The Order of Merit of the Republic of Poland () is a Polish order of merit created in 1974, awarded to persons who have rendered great service to Poland. It is granted to foreigners or Poles resident abroad. As such it is sometimes referred to as a traditional "diplomatic order".

History

The order was established by an act of 10 April 1974, as the Order of Merit of the Polish People's Republic (Order Zasługi Polskiej Rzeczypospolitej Ludowej). The need for the new order had arisen since the Order of the White Eagle had fallen into disuse after the foundation of the People's Republic. Reflecting this history, the two orders utilized similar colors and designs. The Order of Merit of the Polish People's Republic was awarded in five classes: Grand Cordon of the Order, Commandery with Star, Commandery, Gold Badge of the Order, and Silver Badge of the Order. It was awarded by the Polish Council of State.

After the fall of communism in Poland in 1989, it was decided to retain the order, with necessary changes. Without a formal change of the 1974 act or the name of the order, the insignia were changed to the present ones by a presidential decree of 16 April 1991. The abbreviation "PRL" was changed to "RP," the Eagle was given a crown in accordance with Poland's new coat of arms, the date "1974" was removed from the reverse, and the color of the ribbon was changed from light cobalt blue to dark cobalt.

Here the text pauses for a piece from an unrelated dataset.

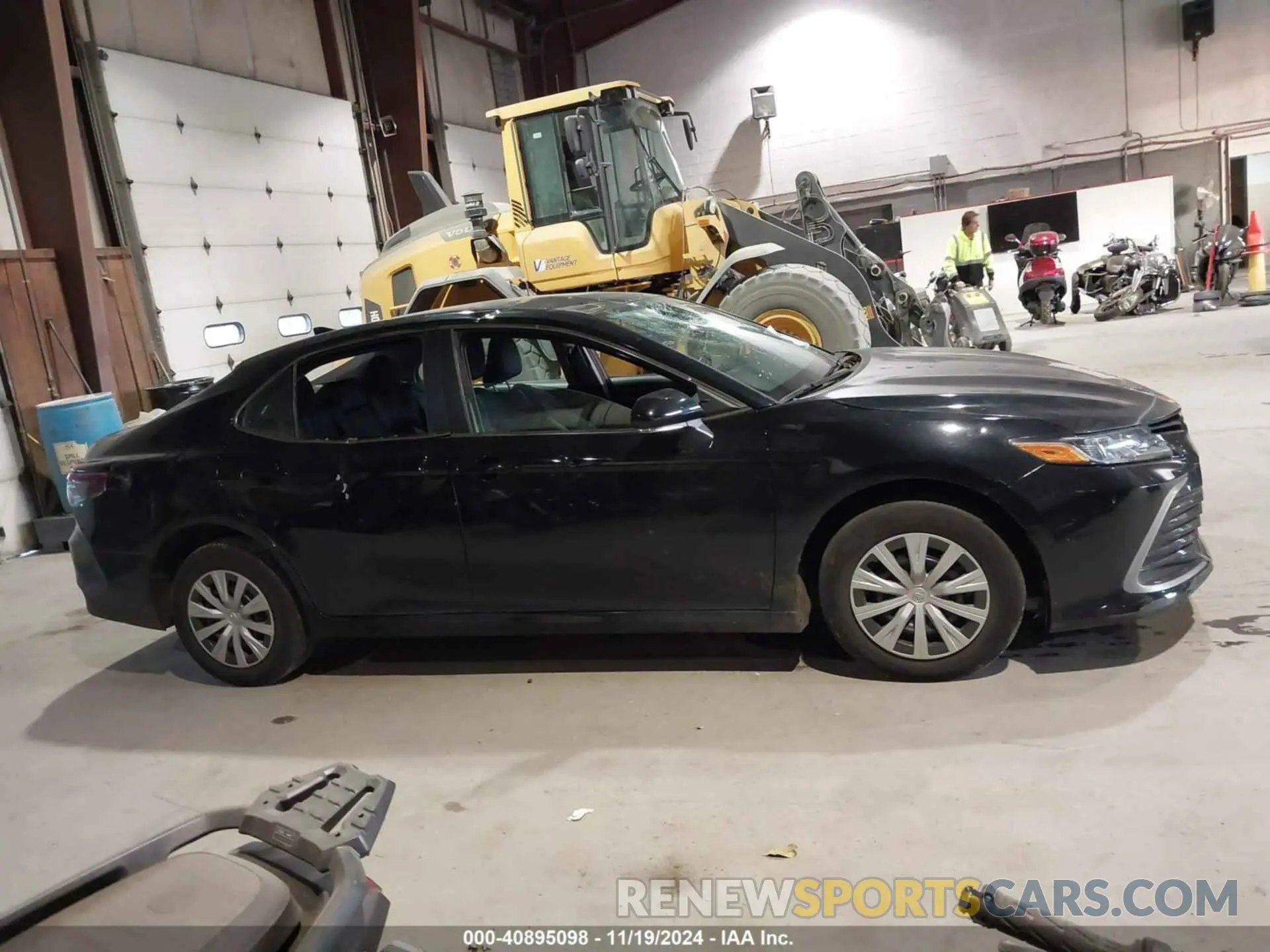 13 Photograph of a damaged car 4T1C31AK9NU582279 TOYOTA CAMRY 2022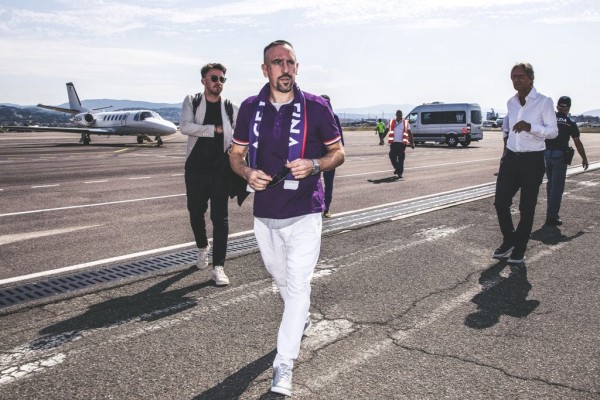 Franck Ribéry a su llegada al aeropuerto de Florencia. (Foto: Twitter @acffiorentina)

Under an act of 16 October 1992, the order was reestablished under the name Order of Merit of the Republic of Poland (Order Zasługi Rzeczypospolitej Polskiej).

Under the 1992 act, the order is awarded to foreigners or Poles resident abroad for distinguished contributions to international cooperation or cooperation between Poland and other countries. It is awarded by the President of Poland. Unlike the other national orders of Poland, it does not have a chapter.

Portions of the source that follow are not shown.